* Data provided

>>>

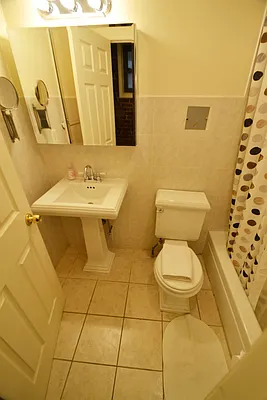 Rented by Smart City Real Estate LLC | media 26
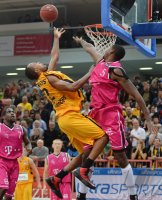 Basketball 1. Bundesliga 13/14:  Walter Tigers Tuebingen - Telekom Baskets Bonn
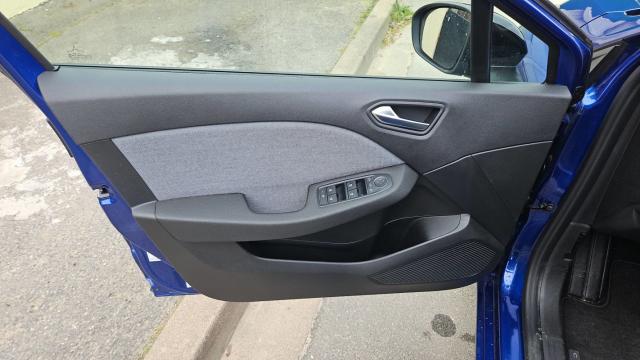 Renault Clio image 7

<<<

* To do
Everything in the data except the pictures must be transcribed exactly.

* Exercise response
 Rented by Smart City Real Estate LLC | media 26
 Basketball 1. Bundesliga 13/14:  Walter Tigers Tuebingen - Telekom Baskets Bonn
 Renault Clio image 7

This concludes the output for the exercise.